Exercise material Block Start

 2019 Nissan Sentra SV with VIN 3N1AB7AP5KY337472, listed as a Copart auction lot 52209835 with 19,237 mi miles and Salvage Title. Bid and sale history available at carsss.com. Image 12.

Exercise material Block End
Exercise material Block Start

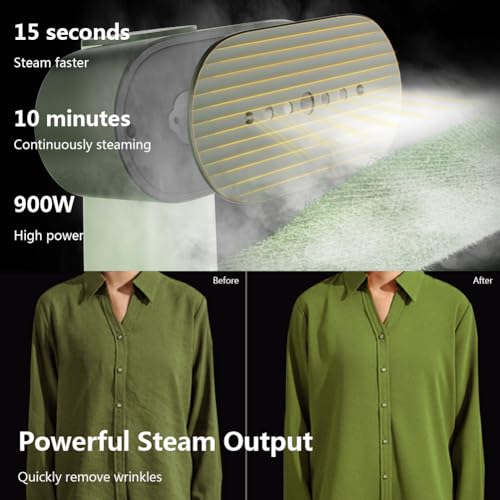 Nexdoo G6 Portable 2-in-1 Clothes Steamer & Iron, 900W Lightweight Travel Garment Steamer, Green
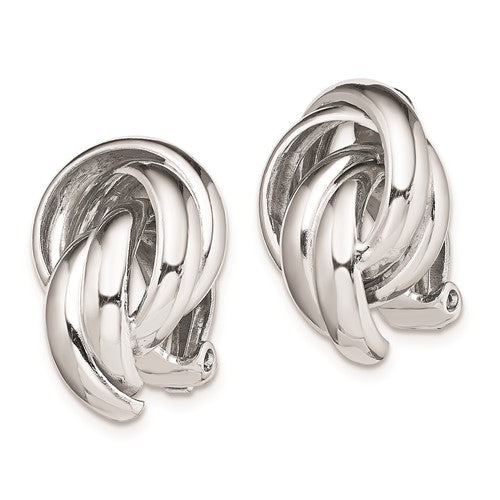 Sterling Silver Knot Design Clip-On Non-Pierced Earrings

Exercise material Block End
Exercise material Block Start

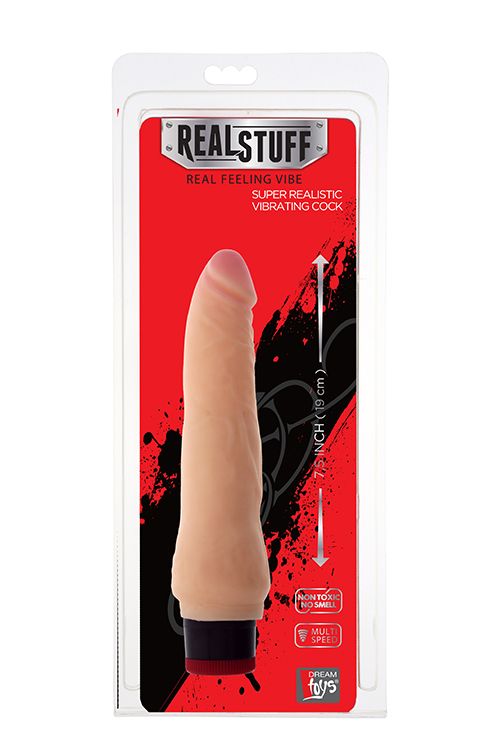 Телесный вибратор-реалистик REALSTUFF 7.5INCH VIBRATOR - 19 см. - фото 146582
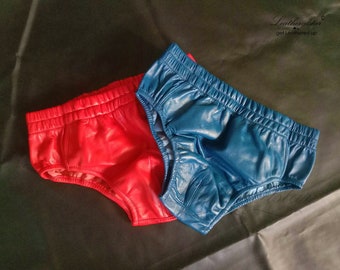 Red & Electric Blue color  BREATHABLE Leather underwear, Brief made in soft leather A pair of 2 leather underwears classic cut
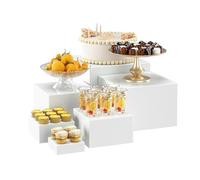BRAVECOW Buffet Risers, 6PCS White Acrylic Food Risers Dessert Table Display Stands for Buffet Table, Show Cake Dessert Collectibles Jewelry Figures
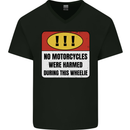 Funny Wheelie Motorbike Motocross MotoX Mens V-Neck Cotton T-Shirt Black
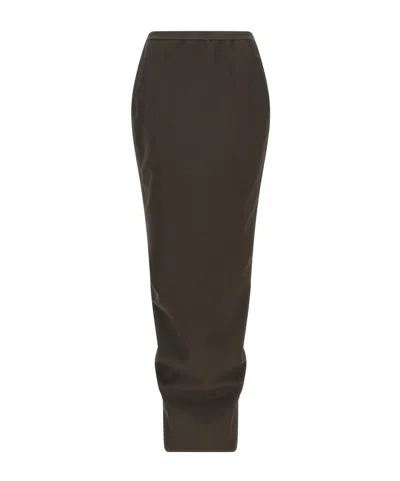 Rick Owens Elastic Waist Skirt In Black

Exercise material Block End

| What to do |
Set the pictures aside and retype exactly the lines above from the line with "Телесный вибратор-реалистик REALSTUFF" to the line with "Rick Owens Elastic Waist Skirt In Black", both included, adding no others.

| Response area |
 Телесный вибратор-реалистик REALSTUFF 7.5INCH VIBRATOR - 19 см. - фото 146582
 Red & Electric Blue color  BREATHABLE Leather underwear, Brief made in soft leather A pair of 2 leather underwears classic cut
BRAVECOW Buffet Risers, 6PCS White Acrylic Food Risers Dessert Table Display Stands for Buffet Table, Show Cake Dessert Collectibles Jewelry Figures
 Funny Wheelie Motorbike Motocross MotoX Mens V-Neck Cotton T-Shirt Black
 Rick Owens Elastic Waist Skirt In Black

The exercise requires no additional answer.